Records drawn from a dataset
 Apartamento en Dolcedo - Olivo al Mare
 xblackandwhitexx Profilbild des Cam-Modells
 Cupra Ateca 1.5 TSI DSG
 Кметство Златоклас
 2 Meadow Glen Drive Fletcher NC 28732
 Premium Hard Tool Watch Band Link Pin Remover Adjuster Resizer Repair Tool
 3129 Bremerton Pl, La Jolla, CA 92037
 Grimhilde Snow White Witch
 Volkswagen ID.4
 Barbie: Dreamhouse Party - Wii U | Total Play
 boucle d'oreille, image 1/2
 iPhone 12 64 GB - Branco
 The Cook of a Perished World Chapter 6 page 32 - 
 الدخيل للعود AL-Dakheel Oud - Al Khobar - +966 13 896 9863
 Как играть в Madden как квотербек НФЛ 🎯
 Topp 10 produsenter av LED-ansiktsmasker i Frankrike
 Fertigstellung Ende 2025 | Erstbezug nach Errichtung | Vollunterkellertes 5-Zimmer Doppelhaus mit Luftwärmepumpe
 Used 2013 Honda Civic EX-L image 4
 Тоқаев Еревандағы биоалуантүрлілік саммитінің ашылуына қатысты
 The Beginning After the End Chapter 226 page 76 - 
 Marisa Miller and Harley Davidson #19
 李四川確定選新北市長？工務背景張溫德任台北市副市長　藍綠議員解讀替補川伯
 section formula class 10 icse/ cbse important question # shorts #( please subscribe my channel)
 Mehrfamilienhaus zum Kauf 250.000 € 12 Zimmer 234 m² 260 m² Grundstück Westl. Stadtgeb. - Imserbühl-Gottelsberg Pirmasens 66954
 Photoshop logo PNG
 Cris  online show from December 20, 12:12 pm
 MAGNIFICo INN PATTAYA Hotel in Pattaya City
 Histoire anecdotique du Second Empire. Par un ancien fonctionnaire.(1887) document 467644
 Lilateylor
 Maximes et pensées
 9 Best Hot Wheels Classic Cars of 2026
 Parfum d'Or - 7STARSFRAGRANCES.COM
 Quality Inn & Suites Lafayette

» **PROBLEM DESCRIPTION**
Output exactly the leading lines of the data, up to and including the line marked by "section formula class".

» **ANSWER SPACE**
 Apartamento en Dolcedo - Olivo al Mare
 xblackandwhitexx Profilbild des Cam-Modells
 Cupra Ateca 1.5 TSI DSG
 Кметство Златоклас
 2 Meadow Glen Drive Fletcher NC 28732
 Premium Hard Tool Watch Band Link Pin Remover Adjuster Resizer Repair Tool
 3129 Bremerton Pl, La Jolla, CA 92037
 Grimhilde Snow White Witch
 Volkswagen ID.4
 Barbie: Dreamhouse Party - Wii U | Total Play
 boucle d'oreille, image 1/2
 iPhone 12 64 GB - Branco
 The Cook of a Perished World Chapter 6 page 32 - 
 الدخيل للعود AL-Dakheel Oud - Al Khobar - +966 13 896 9863
 Как играть в Madden как квотербек НФЛ 🎯
 Topp 10 produsenter av LED-ansiktsmasker i Frankrike
 Fertigstellung Ende 2025 | Erstbezug nach Errichtung | Vollunterkellertes 5-Zimmer Doppelhaus mit Luftwärmepumpe
 Used 2013 Honda Civic EX-L image 4
 Тоқаев Еревандағы биоалуантүрлілік саммитінің ашылуына қатысты
 The Beginning After the End Chapter 226 page 76 - 
 Marisa Miller and Harley Davidson #19
 李四川確定選新北市長？工務背景張溫德任台北市副市長　藍綠議員解讀替補川伯
 section formula class 10 icse/ cbse important question # shorts #( please subscribe my channel)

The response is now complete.